Saved data entries:

========================================

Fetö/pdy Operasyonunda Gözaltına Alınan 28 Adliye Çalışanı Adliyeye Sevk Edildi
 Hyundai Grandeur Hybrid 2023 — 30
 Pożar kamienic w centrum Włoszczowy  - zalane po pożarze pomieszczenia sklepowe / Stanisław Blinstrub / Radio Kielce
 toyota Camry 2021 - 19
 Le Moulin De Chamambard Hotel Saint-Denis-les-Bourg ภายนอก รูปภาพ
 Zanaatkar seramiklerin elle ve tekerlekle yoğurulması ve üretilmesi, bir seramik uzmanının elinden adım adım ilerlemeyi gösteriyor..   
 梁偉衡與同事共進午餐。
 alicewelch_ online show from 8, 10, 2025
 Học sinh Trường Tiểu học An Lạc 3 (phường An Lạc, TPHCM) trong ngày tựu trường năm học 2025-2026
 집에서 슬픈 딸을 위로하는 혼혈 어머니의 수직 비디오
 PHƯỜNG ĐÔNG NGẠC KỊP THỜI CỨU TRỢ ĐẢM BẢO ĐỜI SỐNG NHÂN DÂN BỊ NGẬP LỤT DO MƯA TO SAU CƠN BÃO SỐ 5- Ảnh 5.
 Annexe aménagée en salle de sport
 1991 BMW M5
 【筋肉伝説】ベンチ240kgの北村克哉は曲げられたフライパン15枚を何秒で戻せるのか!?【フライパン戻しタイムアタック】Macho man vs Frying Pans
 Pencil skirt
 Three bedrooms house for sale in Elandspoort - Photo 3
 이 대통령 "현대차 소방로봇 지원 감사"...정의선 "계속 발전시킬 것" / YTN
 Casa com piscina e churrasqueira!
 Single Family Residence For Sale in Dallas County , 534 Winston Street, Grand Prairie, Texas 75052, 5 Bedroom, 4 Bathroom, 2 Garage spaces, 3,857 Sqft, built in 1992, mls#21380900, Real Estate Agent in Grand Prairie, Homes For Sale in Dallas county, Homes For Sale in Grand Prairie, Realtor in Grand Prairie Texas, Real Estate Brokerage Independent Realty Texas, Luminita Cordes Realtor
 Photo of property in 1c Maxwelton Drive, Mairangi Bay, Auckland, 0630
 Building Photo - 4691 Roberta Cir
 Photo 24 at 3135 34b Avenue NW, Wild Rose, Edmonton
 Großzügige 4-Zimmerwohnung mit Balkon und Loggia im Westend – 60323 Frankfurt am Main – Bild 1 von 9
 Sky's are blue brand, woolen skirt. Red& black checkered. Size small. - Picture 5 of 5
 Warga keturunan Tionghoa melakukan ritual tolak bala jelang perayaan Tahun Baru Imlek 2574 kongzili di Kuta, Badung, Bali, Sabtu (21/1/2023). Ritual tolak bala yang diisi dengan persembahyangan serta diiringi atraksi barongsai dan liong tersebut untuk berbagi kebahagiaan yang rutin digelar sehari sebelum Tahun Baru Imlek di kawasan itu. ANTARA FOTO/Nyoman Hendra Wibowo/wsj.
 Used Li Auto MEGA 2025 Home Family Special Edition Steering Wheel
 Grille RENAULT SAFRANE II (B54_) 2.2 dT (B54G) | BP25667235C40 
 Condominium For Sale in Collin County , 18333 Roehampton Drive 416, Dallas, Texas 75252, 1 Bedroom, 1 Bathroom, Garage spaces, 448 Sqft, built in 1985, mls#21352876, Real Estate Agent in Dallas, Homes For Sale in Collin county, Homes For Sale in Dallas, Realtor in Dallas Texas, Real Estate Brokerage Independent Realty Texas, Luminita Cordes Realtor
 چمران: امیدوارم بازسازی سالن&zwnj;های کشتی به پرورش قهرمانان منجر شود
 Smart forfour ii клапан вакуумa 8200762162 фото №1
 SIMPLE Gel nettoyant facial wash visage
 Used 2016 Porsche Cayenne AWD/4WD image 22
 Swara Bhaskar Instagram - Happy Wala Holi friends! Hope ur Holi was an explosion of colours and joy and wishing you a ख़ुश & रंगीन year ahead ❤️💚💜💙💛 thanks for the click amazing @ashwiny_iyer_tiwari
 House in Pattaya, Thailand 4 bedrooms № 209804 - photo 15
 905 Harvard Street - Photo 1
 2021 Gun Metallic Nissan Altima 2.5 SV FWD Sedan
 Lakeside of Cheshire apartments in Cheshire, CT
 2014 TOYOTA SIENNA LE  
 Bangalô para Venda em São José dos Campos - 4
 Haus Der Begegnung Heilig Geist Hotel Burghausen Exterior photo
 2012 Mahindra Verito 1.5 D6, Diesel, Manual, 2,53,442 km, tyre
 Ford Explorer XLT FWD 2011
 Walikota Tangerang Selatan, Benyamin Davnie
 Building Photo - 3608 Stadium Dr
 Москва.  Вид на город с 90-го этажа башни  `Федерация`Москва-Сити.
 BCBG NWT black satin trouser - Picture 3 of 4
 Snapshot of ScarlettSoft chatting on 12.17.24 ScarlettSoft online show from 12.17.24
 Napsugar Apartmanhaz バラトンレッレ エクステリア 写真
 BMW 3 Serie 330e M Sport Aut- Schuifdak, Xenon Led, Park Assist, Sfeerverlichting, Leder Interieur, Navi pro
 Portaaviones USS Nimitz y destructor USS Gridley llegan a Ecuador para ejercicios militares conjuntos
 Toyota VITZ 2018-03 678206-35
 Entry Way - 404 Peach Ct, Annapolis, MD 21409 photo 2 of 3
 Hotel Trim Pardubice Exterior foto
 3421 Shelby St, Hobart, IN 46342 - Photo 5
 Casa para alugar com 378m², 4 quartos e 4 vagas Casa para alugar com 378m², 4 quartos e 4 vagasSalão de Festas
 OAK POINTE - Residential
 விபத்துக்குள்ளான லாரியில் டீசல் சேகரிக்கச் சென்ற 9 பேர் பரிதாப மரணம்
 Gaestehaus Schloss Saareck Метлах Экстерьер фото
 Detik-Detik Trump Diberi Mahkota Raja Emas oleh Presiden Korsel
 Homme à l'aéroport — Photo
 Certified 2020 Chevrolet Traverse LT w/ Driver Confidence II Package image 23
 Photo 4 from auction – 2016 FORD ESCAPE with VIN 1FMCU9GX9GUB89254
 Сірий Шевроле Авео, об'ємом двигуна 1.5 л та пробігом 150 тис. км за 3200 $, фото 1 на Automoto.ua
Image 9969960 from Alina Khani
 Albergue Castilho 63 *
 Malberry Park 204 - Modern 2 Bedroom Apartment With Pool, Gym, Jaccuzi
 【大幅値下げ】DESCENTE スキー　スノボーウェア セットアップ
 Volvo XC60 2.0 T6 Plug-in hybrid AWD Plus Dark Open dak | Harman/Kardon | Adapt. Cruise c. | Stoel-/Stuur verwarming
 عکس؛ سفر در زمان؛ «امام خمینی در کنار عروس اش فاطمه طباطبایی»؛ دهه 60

========================================

WORK INSTRUCTION. Look above for the line containing "Großzügige 4-Zimmerwohnung mit". Output from there through the line containing "Вид на город", exactly and inclusively.

RESULT OF THIS EXERCISE.
 Großzügige 4-Zimmerwohnung mit Balkon und Loggia im Westend – 60323 Frankfurt am Main – Bild 1 von 9
 Sky's are blue brand, woolen skirt. Red& black checkered. Size small. - Picture 5 of 5
 Warga keturunan Tionghoa melakukan ritual tolak bala jelang perayaan Tahun Baru Imlek 2574 kongzili di Kuta, Badung, Bali, Sabtu (21/1/2023). Ritual tolak bala yang diisi dengan persembahyangan serta diiringi atraksi barongsai dan liong tersebut untuk berbagi kebahagiaan yang rutin digelar sehari sebelum Tahun Baru Imlek di kawasan itu. ANTARA FOTO/Nyoman Hendra Wibowo/wsj.
 Used Li Auto MEGA 2025 Home Family Special Edition Steering Wheel
 Grille RENAULT SAFRANE II (B54_) 2.2 dT (B54G) | BP25667235C40 
 Condominium For Sale in Collin County , 18333 Roehampton Drive 416, Dallas, Texas 75252, 1 Bedroom, 1 Bathroom, Garage spaces, 448 Sqft, built in 1985, mls#21352876, Real Estate Agent in Dallas, Homes For Sale in Collin county, Homes For Sale in Dallas, Realtor in Dallas Texas, Real Estate Brokerage Independent Realty Texas, Luminita Cordes Realtor
 چمران: امیدوارم بازسازی سالن&zwnj;های کشتی به پرورش قهرمانان منجر شود
 Smart forfour ii клапан вакуумa 8200762162 фото №1
 SIMPLE Gel nettoyant facial wash visage
 Used 2016 Porsche Cayenne AWD/4WD image 22
 Swara Bhaskar Instagram - Happy Wala Holi friends! Hope ur Holi was an explosion of colours and joy and wishing you a ख़ुश & रंगीन year ahead ❤️💚💜💙💛 thanks for the click amazing @ashwiny_iyer_tiwari
 House in Pattaya, Thailand 4 bedrooms № 209804 - photo 15
 905 Harvard Street - Photo 1
 2021 Gun Metallic Nissan Altima 2.5 SV FWD Sedan
 Lakeside of Cheshire apartments in Cheshire, CT
 2014 TOYOTA SIENNA LE  
 Bangalô para Venda em São José dos Campos - 4
 Haus Der Begegnung Heilig Geist Hotel Burghausen Exterior photo
 2012 Mahindra Verito 1.5 D6, Diesel, Manual, 2,53,442 km, tyre
 Ford Explorer XLT FWD 2011
 Walikota Tangerang Selatan, Benyamin Davnie
 Building Photo - 3608 Stadium Dr
 Москва.  Вид на город с 90-го этажа башни  `Федерация`Москва-Сити.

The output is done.